SUPPLIED INFORMATION

-- Opening Marker --

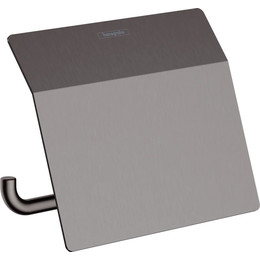 Держатель для туалетной бумаги Hansgrohe AddStoris 41753340, шлифованный чёрный хром - фото 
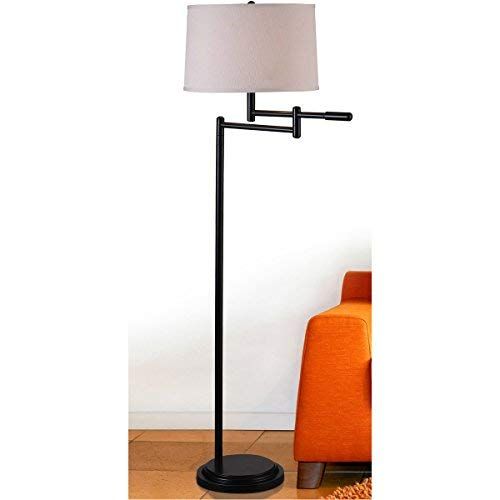  Kenroy Home 20941CB Theta Floor Lamp 59.5 H x 16 W Black Copper Bronze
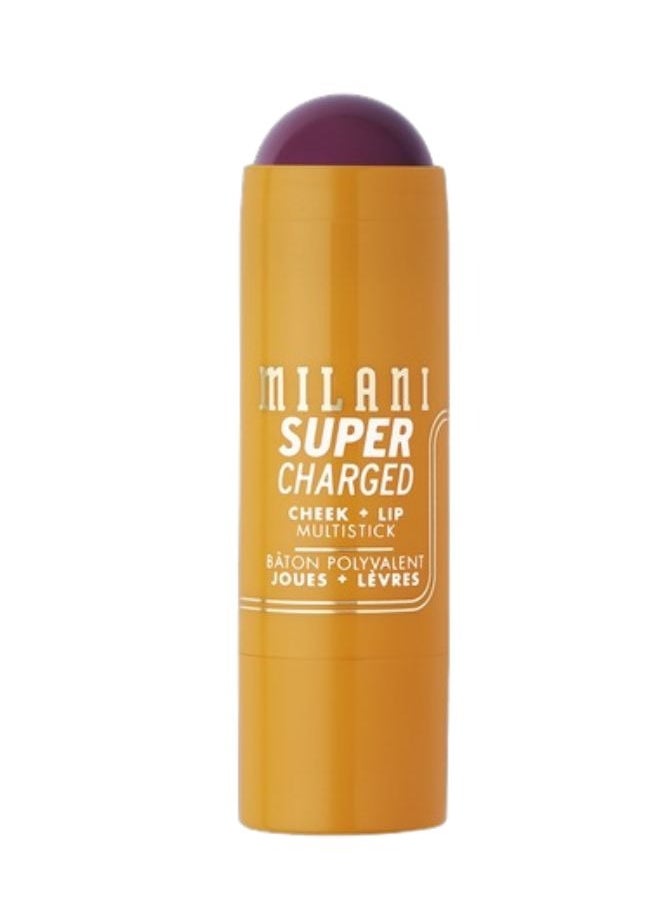 MILANI - Milani Supercharged Cheek + Lip Multistick 140: Berry Bolt | Creamy, Blendable, Multi-Use Makeup Stick for Lips & Cheeks | Hydrating, Lightweight Formula | Buildable Color & Natural Finish - Image 1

-- Closing Marker --

WHAT YOU HAVE TO DO
Every line of the material must be reproduced verbatim; the pictures are to be omitted.

WORKED SOLUTION
 Держатель для туалетной бумаги Hansgrohe AddStoris 41753340, шлифованный чёрный хром - фото 
  Kenroy Home 20941CB Theta Floor Lamp 59.5 H x 16 W Black Copper Bronze
 MILANI - Milani Supercharged Cheek + Lip Multistick 140: Berry Bolt | Creamy, Blendable, Multi-Use Makeup Stick for Lips & Cheeks | Hydrating, Lightweight Formula | Buildable Color & Natural Finish - Image 1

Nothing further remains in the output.